Retype only the lines below from the one with "Salty Alyce - Vendita" to the one with "PURE ORIGINAL INGREDIENTS", inclusive, skipping every image.

(Items from a data source)
- - - - - - -

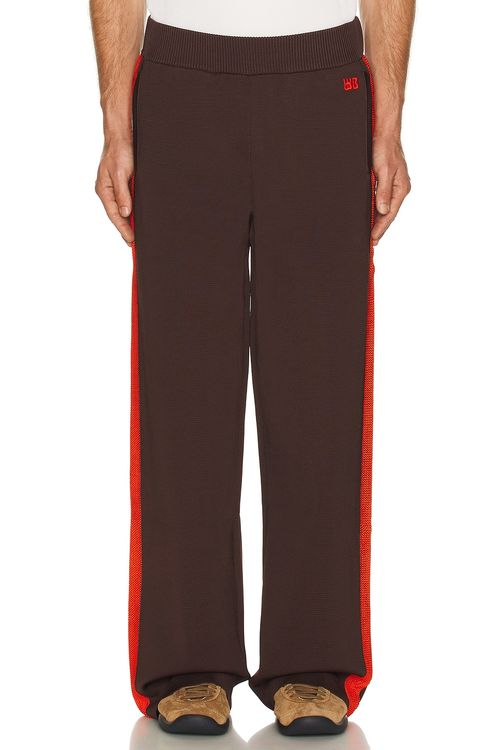 Wales Bonner Tide Track Pant in Brown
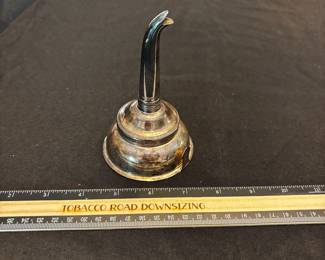 S48 - $225. 92 grams. Sterling Silver Wine Funnel. 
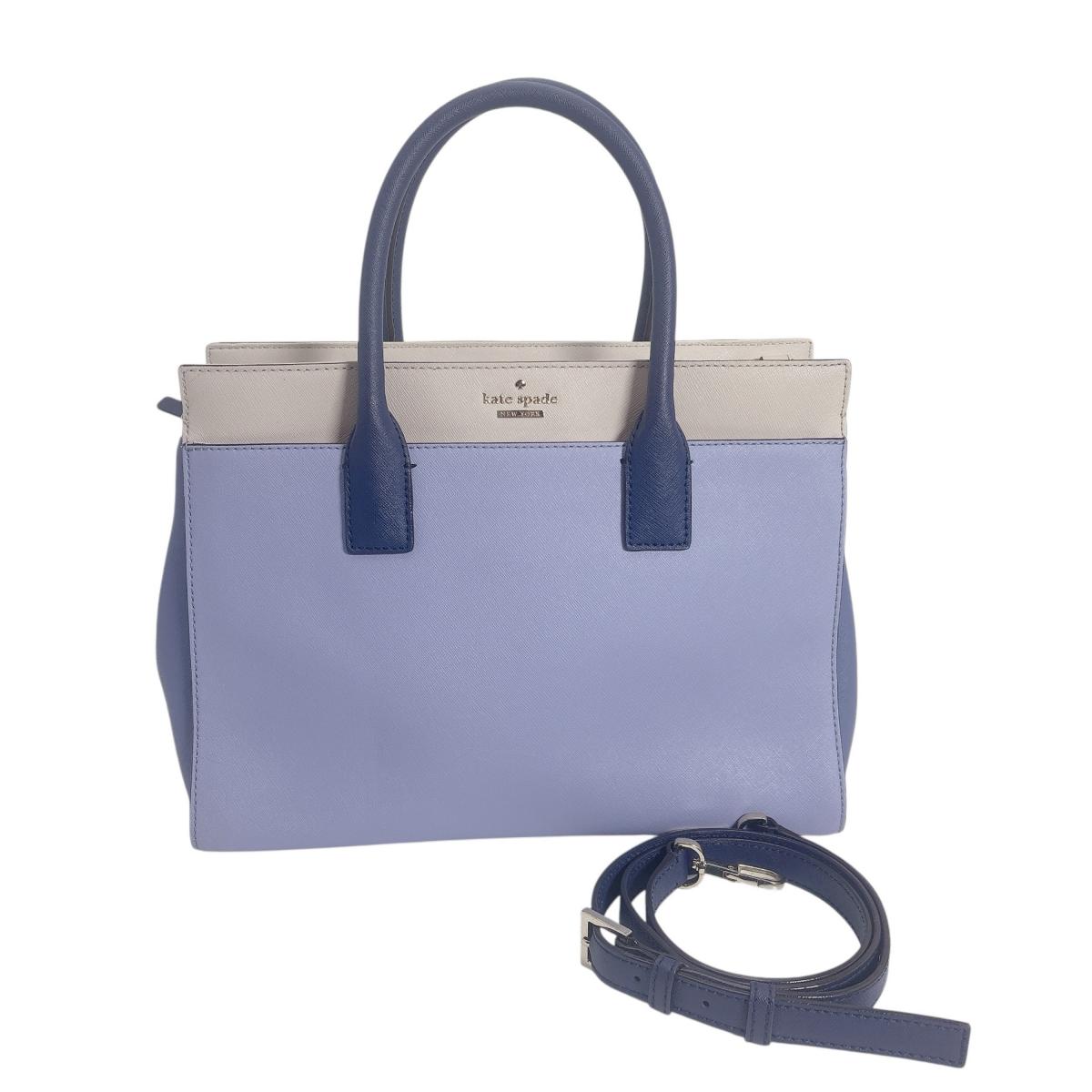 2WAYバッグ ショルダーバッグ ブルー×アイボリー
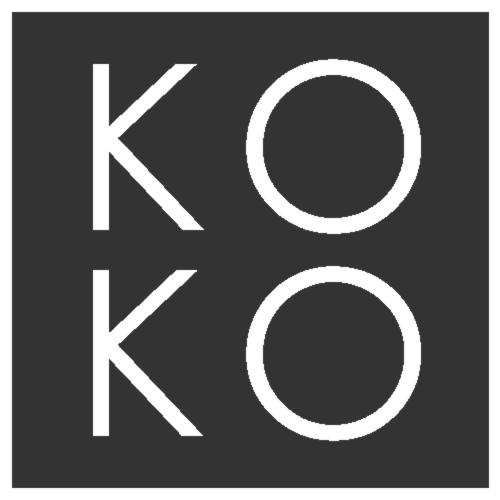two white o rings on a black background at KOKO HOTEL Kagoshima Tenmonkan in Kagoshima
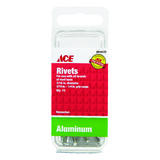 Ace 1/4 L 3/16 Aluminum Rivets 15 pk Silver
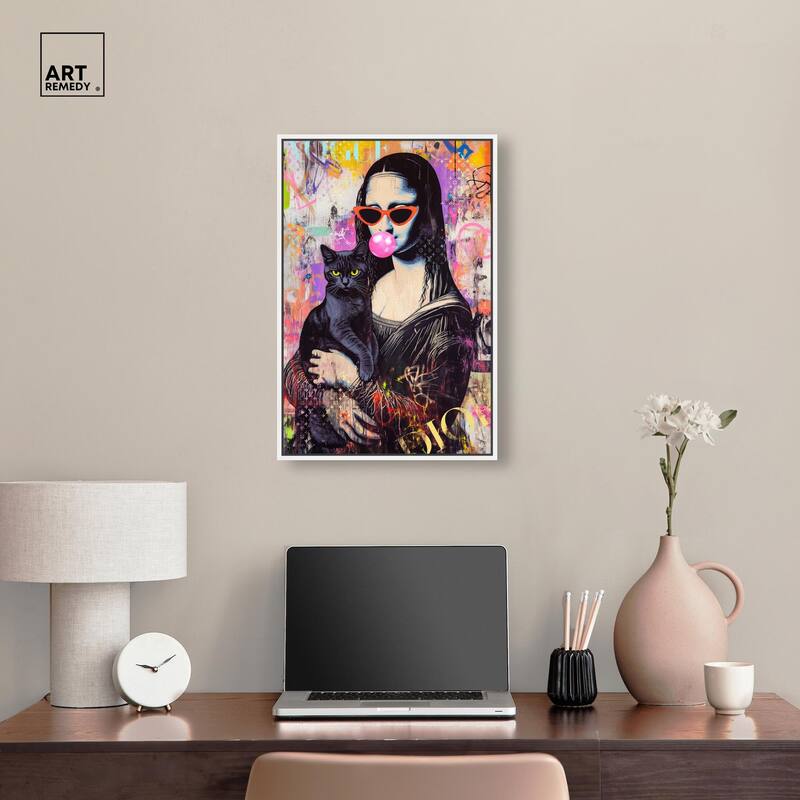 Classical Gal and Her Companion Canvas by Art Remedy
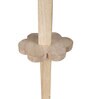 Orlando Red Fabric Shade Club Floor Lamp With Wood Base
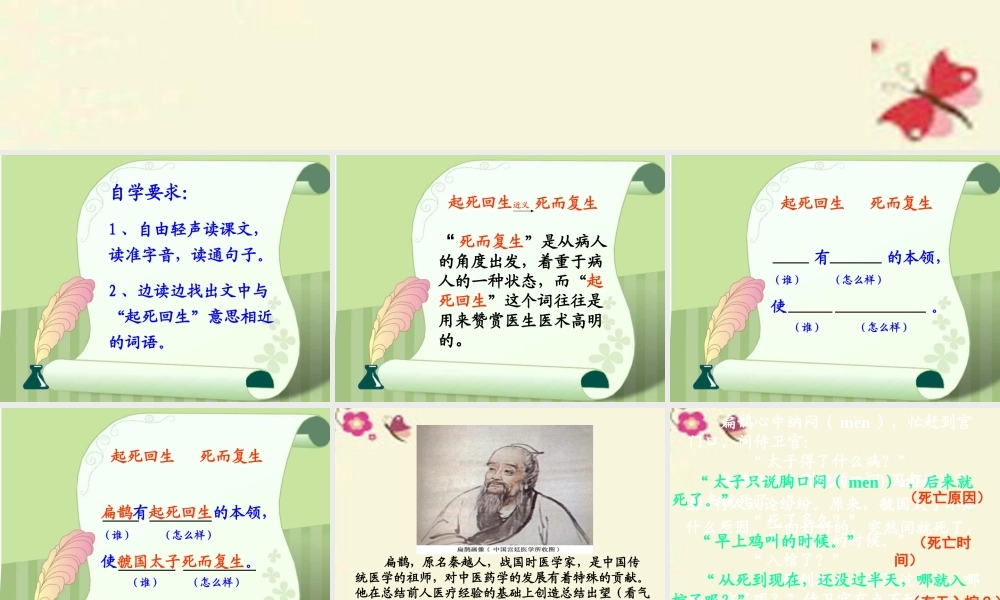 三年级语文下册 第3单元 11《起死回生》课件2 沪教版-沪教版小学三年级下册语文课件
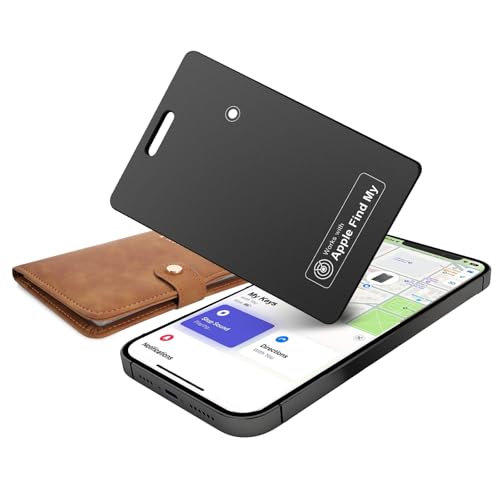 Glitfix 1.6mm Slim Smart-Tag Karte, Smart Wallet Tracker Card kompatibel mit APP-LE Find My (nur iOS), Bluetooth Tracker, IP68 Wasserdicht, SmartTag Karte für Wallet, Reisepässe (1pcs 1.6mm Slim)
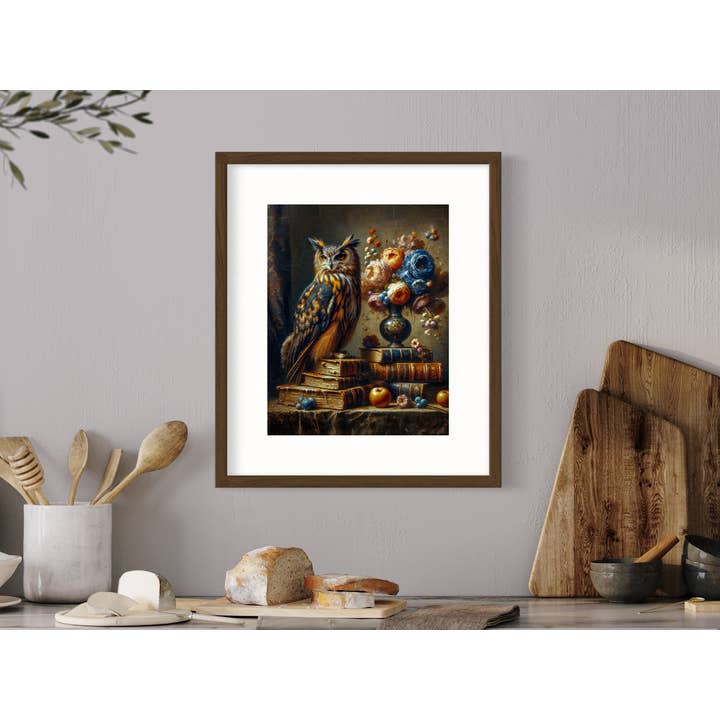 Salty Alyce - Vendita all'ingrosso Stampa artistica - Decorazione da parete gotica vintage blu e oro 136RD 3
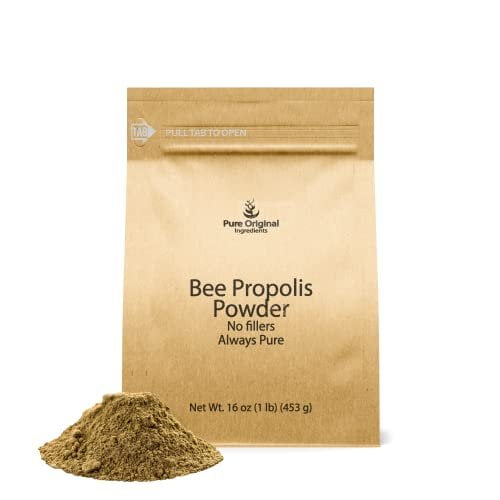 PURE ORIGINAL INGREDIENTS Bee Propolis Powder 1 lb No Fillers, Lab Verified, Always Pure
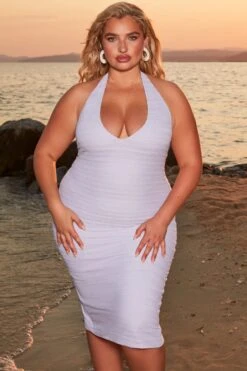 Crochet Plunge Neck Midi Dress In Lilac 20 Crochet Plunge Neck Midi Dress In Lilac -Glam Dress Store 4372 1 azure lilac halter neck plunge bust flattering midiaxi dress 1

- - - - - - -

— WRITTEN SOLUTION —
 Salty Alyce - Vendita all'ingrosso Stampa artistica - Decorazione da parete gotica vintage blu e oro 136RD 3
 PURE ORIGINAL INGREDIENTS Bee Propolis Powder 1 lb No Fillers, Lab Verified, Always Pure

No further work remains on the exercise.